Compared to the refugee situation in eastern Chad, less international attention has been paid to the refugees in the south, who numbered 30,000 until a further 10,000 arrived earlier this month.
The recent arrivals fled the Central African Republic in the wake of clashes between governmental forces and armed groups in early June. In Chad, they settled in Yamdodo near the border with their homeland. UNHCR has distributed relief items like plastic sheeting and jerry cans, and plans to relocate them to an existing camp in southern Chad in the near future.
The earlier groups of Central Africans who arrived in 2003 are now living in Amboko camp in Goré and Yaroungou camp in Danamadji. The Chadian government has given them small plots of land to farm on, while UNHCR and partners like African Concern have started income-generating projects to help them become more self-reliant.

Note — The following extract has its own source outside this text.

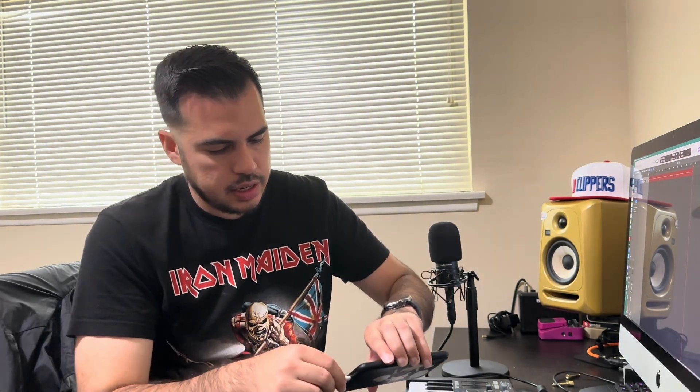Now that we have the adapter, let's go ahead and plug it into our phone. I'm going to take the USB-A and plug it in. Did you see that the lights actually went ahead and lit up on my MIDI controller? So that shows us that it's getting the signal.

"We help refugees to start activities in soap-making, bakery, embroidery or knitting, to allow them to take responsibility for themselves," explains Gildas Kimtobaye, the coordinator for African Concern in Yaroungou camp. "For example, we identified refugee tailors and put them together as an organised group. Besides making clothes, they also train other refugees who wish to take up this occupation."
Yatéré, a refugee in Amboko camp, says, "With wool, I make clothes for babies, then I sell them at the market. The money I earn allows me to buy meat or vegetables to feed my family."
The refugees have also been tasked with making school uniforms for refugee students. UNHCR provides the fabrics and pays the refugees on piece work. We have made 267 uniforms for refugee students, which has enabled us to improve our everyday life," says Alladoum, a refugee leader in Yaroungou camp.
Like Yatéré and Alladoum, other Central African refugees in Chad have also started activities to improve their standard of living. As farming season approaches, they receive agricultural tools and seeds, as well as training in small-scale farming by African Concern.
"The refugees supplied us with tomatoes, carrots and salad last year, thanks to the vegetable and fruit farming on their plots," said Dang Batinda, Secretary of Goré prefecture.
Others have profitably cultivated sorghum, groundnut and corn. Jean and his family have been able to sell 40 sacks of peanuts. Almost 500 other refugee families have sold the fruits of their labour in markets in Maro, Danamadji and Goré. This has enabled them to supplement their diet with meat, fish and spices, and to buy new clothes for themselves instead of relying solely on assistance from humanitarian agencies.
In addition to these benefits, the income-generating activities also allow the refugees to focus on constructive and positive projects. They participate actively in the socio-economic life of their host communities and prepare themselves for repatriation should they ever decide to return home.